In August a ceasefire ended the 50-day war between the Hamas in Gaza and Israel. The Israeli military has been accused of committing grave International abuses of humanitarian law amounting to war crimes during its offensive in the coastal enclave.
ICC prosecutors earlier told Reuters that they will make field trips to both Palestinian and Israeli lands, but formal Israeli permission has not yet been sought, and the court is not able to compel Israel to even give it information.
Israel is not obligated to cooperate with the ICC since it is not a member.
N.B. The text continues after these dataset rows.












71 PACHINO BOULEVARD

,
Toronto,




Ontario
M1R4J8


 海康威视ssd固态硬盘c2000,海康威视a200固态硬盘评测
However, interfering with the investigation of prosecutors could put Israel in a critical diplomatic situation.
Israel has said the ICC inquiry will negatively affect peace negotiations with the Palestinians.
On Feb. 7, Abbas issued a presidential decree establishing a “High National Committee to Coordinate With the ICC” headed by chief Palestinian negotiator Saeb Erekat. According to the decree, the committee is charged with “preparing documents and files to be submitted by the State of Palestine to the ICC through a technical committee headed by the foreign ministry.”
After signing the court’s founding treaty last December, the Palestinian Authority officially joined the ICC in April.
Israel has been an outspoken critic of the ICC, saying the Palestinian Authority is not a state and should never have been admitted as an ICC member.
Hundred and forty-five Israeli settlements
The Palestinian Authority is expected to submit files on 145 Israeli settlements in the West Bank to the ICC in June.
According to Jordanian daily Al Ghad, Khalil Tufakji - head of the Maps and Survey Department at Jerusalem’s Orient House - said that a team of geographers and legal experts is currently assembling maps, Israeli military orders and aerial photographs documenting settlement construction from 1997 until today as part of a legal case being prepared against Israel.
“The Israeli occupation steals Palestinian land under the pretext of establishing ‘nature reserves,’ ‘green areas,’ or what’s known as ‘state property’ or ‘military zones,'” Tufakji told Al Ghad.
“We will submit 160 files on 145 settlements in the West Bank, encompassing some 400,000 settlers, in addition to 15 settlements in occupied Jerusalem encompassing some 200,000 settlers. Altogether, [the files] will cover over half a million settlers living on land designated for the future Palestinian state.”
After signing the court’s founding treaty last December, the Palestinian Authority officially joined the ICC in April. Israel can be brought before the court even though it is not a member of the ICC.
Tufakji said he and his team were operating on directives from Palestine President Mahmoud Abbas, who has assembled legal teams to collect damning information on Israeli activities.
As a non-official department, the Maps and Survey Department - housed in a 19th century villa which served as the PLO headquarters until 2001 - advises Palestinian ministries on “settlement expansion, land use, and water aquifers” and collecting maps “directly related to land confiscation from 1967 until today.”
“The aerial photos currently obtained by the Palestinians date back to 1997,” Tufakji told Al Ghad. “Information relating to the past two years … was collected based on a request from the legal team,” he added.